Son voisin, l’Argentine, n’est guère en meilleure posture. Les mesures néolibérales du président Mauricio Macri ont fait augmenter le coût de la vie et des produits de base, tout en détruisant le pouvoir d’achat des travailleurs, sans que l’on enregistre jusqu’à lors les soi-disant bénéfices que devraient apporter les investissements étrangers et le retour de la confiance des capitaux. Le PIB argentin s’est contracté de 2% l’année dernière, après avoir augmenté de 2,5% en 2015.
LES BONNES NOUVELLES
La plupart des analystes s’accordent sur le fait que le prix des principales matières premières devrait remonter cette année, y compris ceux du pétrole, dont dépendent nombre des économies de la région latino-américaine et caribéenne. Bien que personne n’estime que le brut reprenne ses valeurs maximales au-dessus des 100 dollars le baril, les récents accords de l’Organisation des pays exportateurs de pétrole et autres dynamiques internationales recommandent de le stabiliser au-dessus des 50 dollars.
La chute du prix international du pétrole, associée à la guerre économique interne, a provoqué une situation tendue dans les finances vénézuéliennes, avec un impact important sur la population. En dépit des agressions, le gouvernement de Nicolas Maduro a préservé les principaux indicateurs sociaux et le Venezuela aspire à un saut qualitatif de son économie.

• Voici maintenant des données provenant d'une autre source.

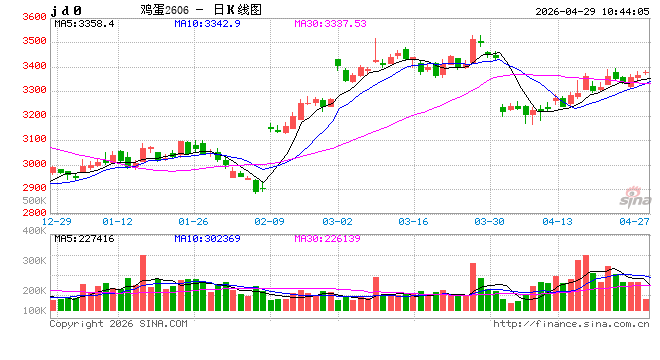4月蛋鸡养殖扭亏为盈，5月或盈利收窄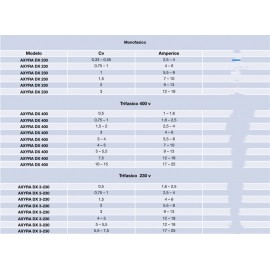 CUADRO  DE SONDAS SERIE NP(400V-230V) 2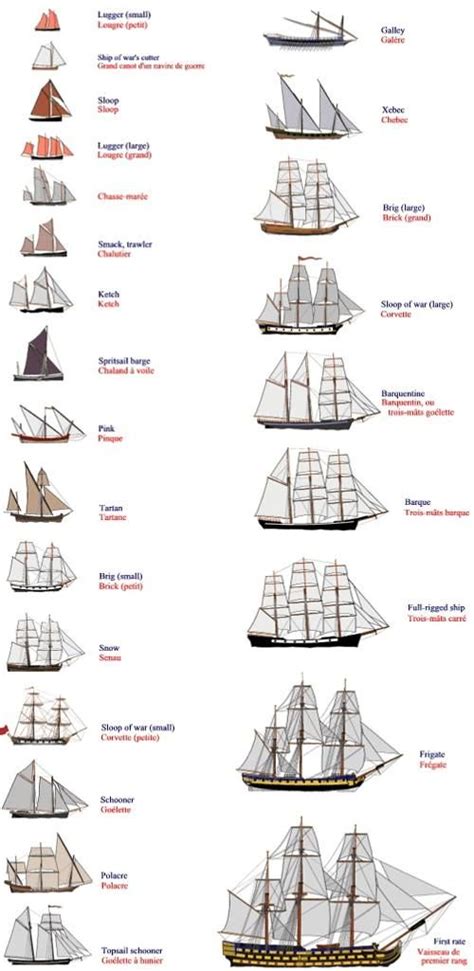 All The Sailboats Sailing Sailing Ships Sailing Vessel
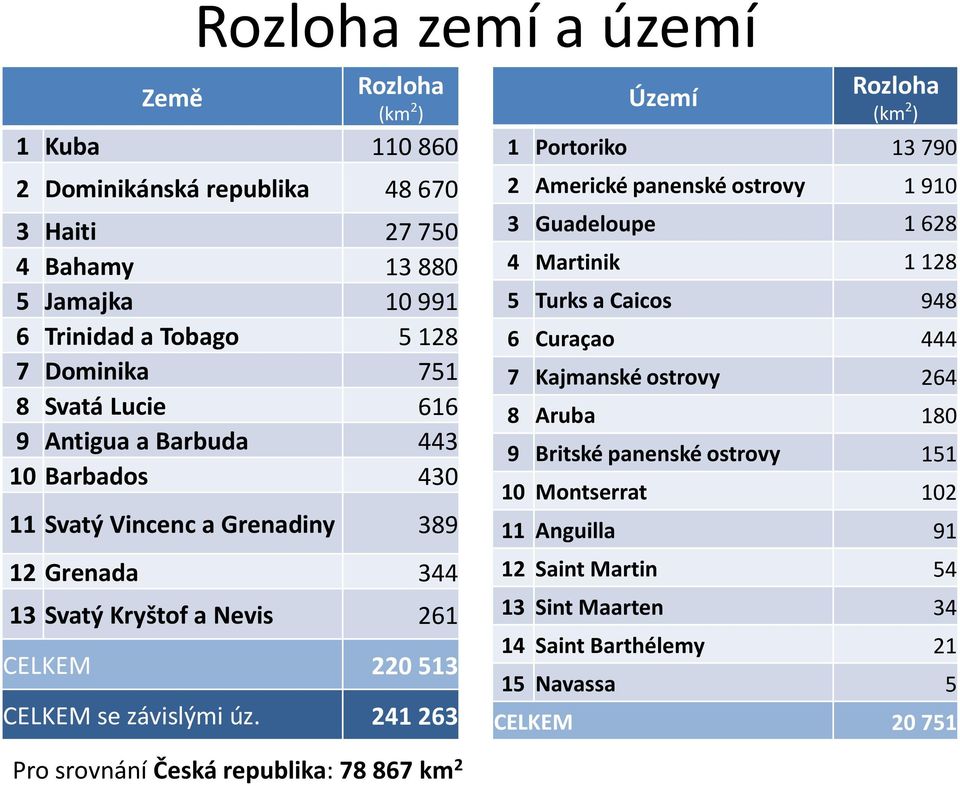 241 263 Území Rozloha (km 2 ) 1 Portoriko 13 790 2 Americké panenské ostrovy 1 910 3 Guadeloupe 1 628 4 Martinik 1 128 5 Turks a Caicos 948 6 Curaçao 444 7 Kajmanské ostrovy 264 8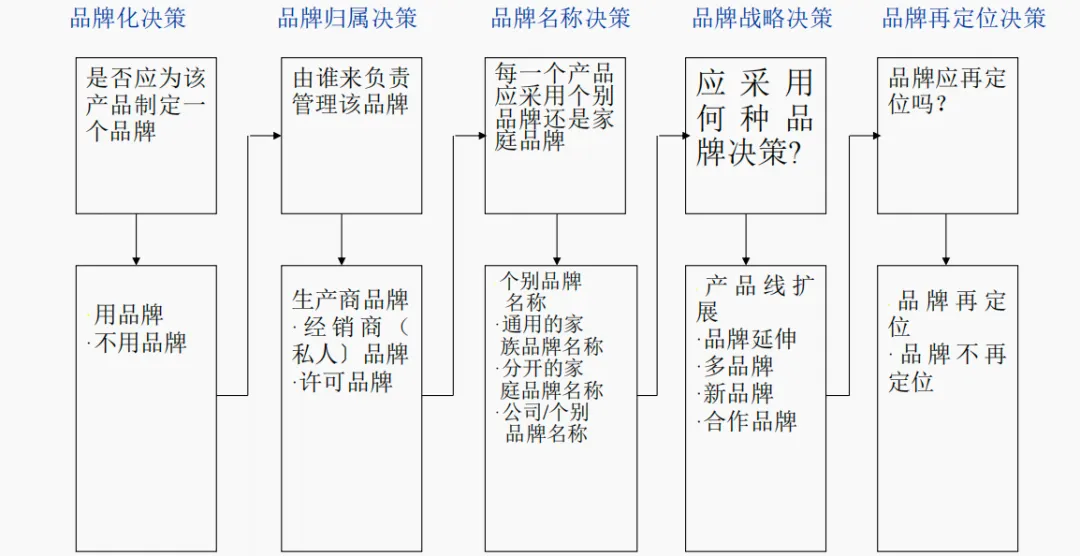 市场营销第6章_产品策略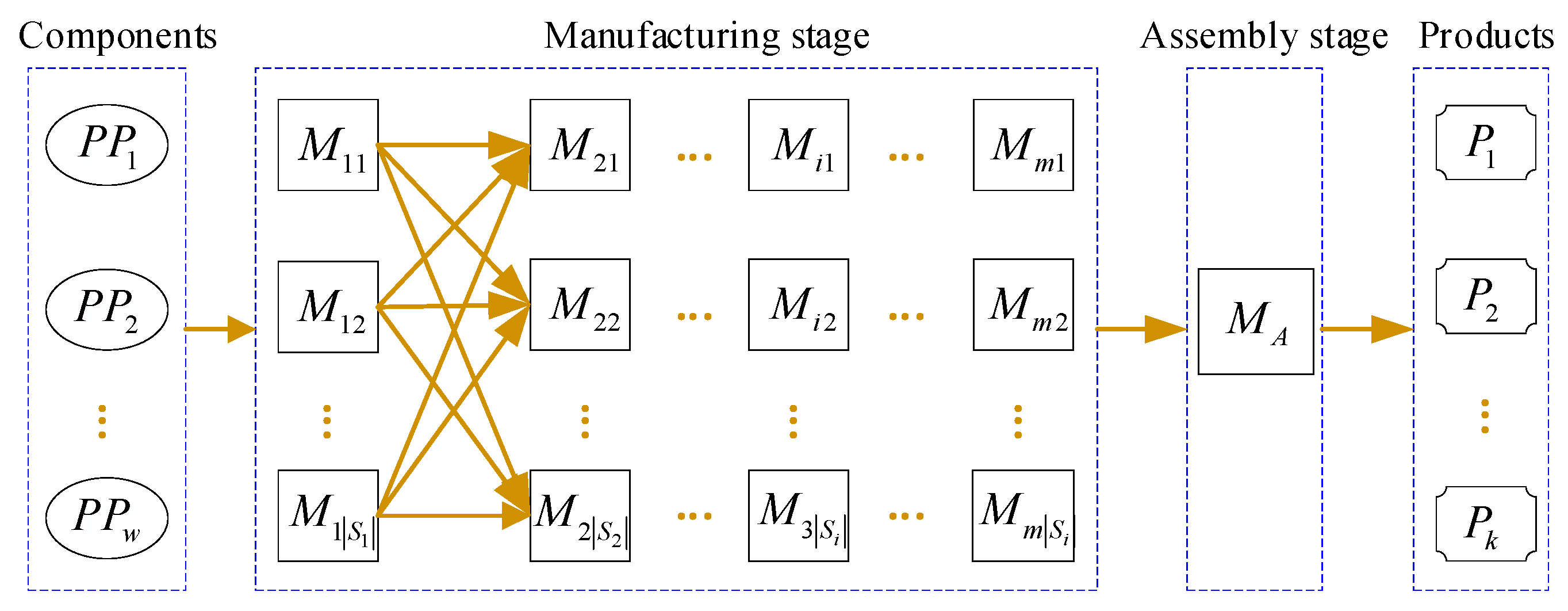 Applsci 13 10903 g001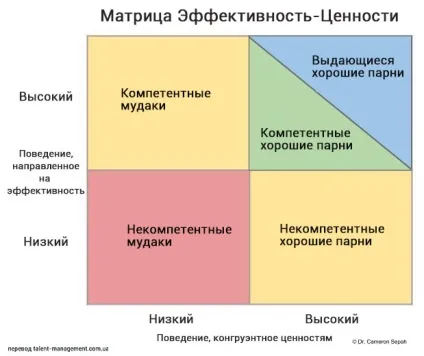 Культура вашої компанії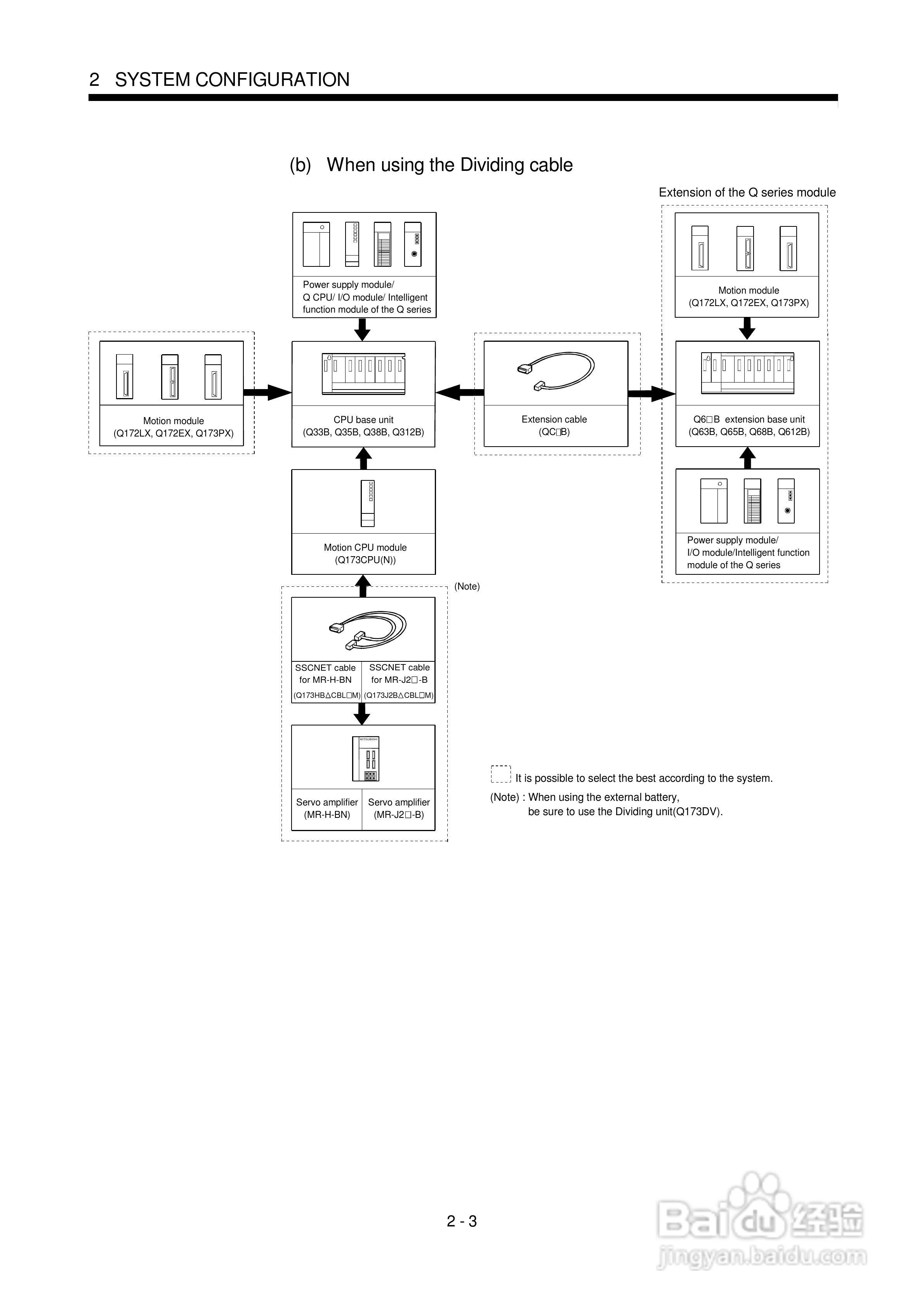 三菱Q-motion运动控制模块使用手:[3]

Nicolas Maduro a déclaré récemment que 2017 serait la première année d’une nouvelle histoire de l’économie vénézuélienne et du nouveau modèle productif. Il a indiqué que, pour parvenir à cette fin, l’exécutif a mis en marche les 15 moteurs productifs du Programme économique bolivarien, les Comités locaux de ravitaillement et de production (Clap) et la Grande mission ravitaillement souverain, qui ont été renforcés dans les moments les plus difficiles de l’année dernière.
Les bas prix du pétrole ont également touché l’Équateur, frappé également par un tremblement de terre. Mais lors de ses vœux pour la nouvelle année, le président Rafael Correa s’est montré optimiste quant à l’avenir du pays. Il a rappelé les prévisions rendues publiques récemment par la Banque centrale équatorienne, qui indiquent une croissance économique pour 2017 de 1,42%.
« Nous avons traversé avec succès la tempête parfaite – chute des prix du pétrole et appréciation du dollar – ; paiements abusifs à Chevron et tremblement de terre de 7,8 et près de 3 000 répliques. L’Équateur a déjà changé », a dit Correa.
La Bolivie, un autre producteur d’hydrocarbures, tirera aussi bénéfice de l’amélioration des prix des matières premières, bien que son économie se soit diversifiée sous le gouvernement d’Evo Morales et affiche une croissance moyenne de 4,5% ces dernières années, parmi les meilleures de la région.
L’année 2017 apparaît donc comme une année d’espoir pour les Latino-américains et les Caribéens, mais les menaces de convulsions internationales restent présentes, ainsi que les forces internes qui cherchent à détruire les acquis de cette dernière décennie.